Why would Apple go to Verizon now, given the lucrative arrangement it's got with AT&T? It's gotta be good enough to maintain exclusivity, since the iPhone's available on multiple carriers in most European countries. One word: Android. Take a look at this chart from Gartner, depicting worldwide mobile OS marketshare. Android's marketshare last year was just 3.9 percent, compared to 14.4 percent for iOS. Just a year later, Android will skate past iOS with 17.7 percent to iOS's 15.4 percent. Daring Fireball's John Gruber—a plugged-in dude if there is one—noted back in April that "The number one priority at Apple is to grow mobile market share faster than Android. Anything that is not directly competitive with Android is on the back burner."
The reason Android's marketshare is exploding is quite simple: There are many tens of Android handsets, available on every major carrier in the US. There's only one iPhone, on one carrier.
A favorite parallel is to compare Android to Windows and iPhone to the Mac, determining that Android will beat the iPhone the same way Windows beat the Mac over a decade ago, relegating it to small-but-incredibly-profitable segment of the market. (Anybody can use and license the Android software, just like anybody could license the Windows software, and the Mac was tightly integrated, just like the iPhone. Ergo, history repeats itself.) That comparison is flawed for a few reasons, but even so, Apple could still do quite well holding just 15 percent of the market—right now it's pulling in nearly half of the mobile profits. It seems clear that Apple isn't happy with that though, the way it's happy with the Mac. The past can still sting. Apple didn't want just 10 percent of the PC market, after all. It wanted it all.

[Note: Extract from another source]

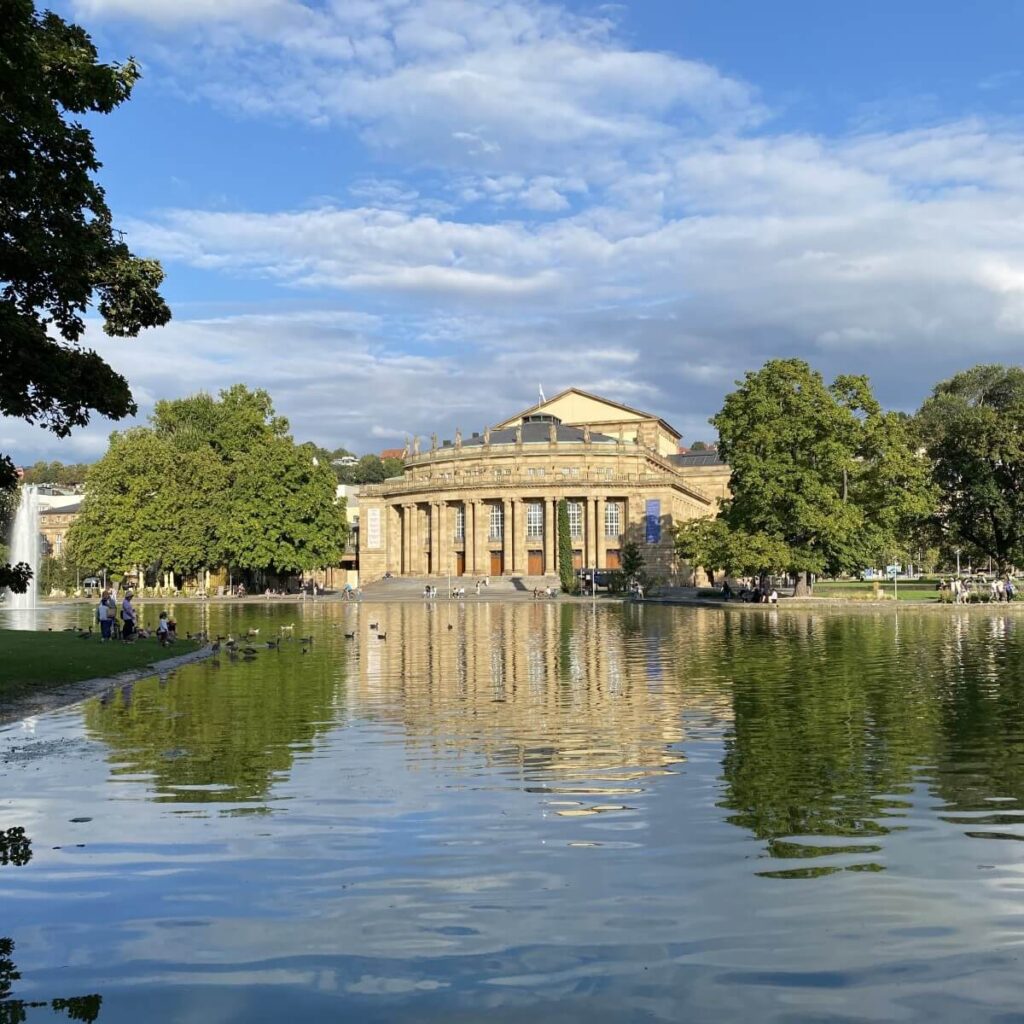 Things to do in Stuttgart Oberer Schlossgarten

So Apple's avoiding those same mistakes. A major reason the Mac lost to Windows was retail distribution. It's why you can buy an iPhone and iPad in the Apples Store or Walmart or Best Buy. The experience isn't as nice as the one in an Apple Store, which Apple must loathe, but it needs to be everywhere. The final piece is Verizon. Exclusive dominion as the only decent smartphone on Verizon is Android's biggest advantage in the US, and the major marketing push from Verizon—in the absence of the iPhone—is why so many people in the US even know what a Droid is. Taking that away from Android at the same time it's got a brand new platform is doubly awesome for Apple.
Apple's got the developers. It's got the mindshare. And soon, it'll have the half the country able to buy the iPhone.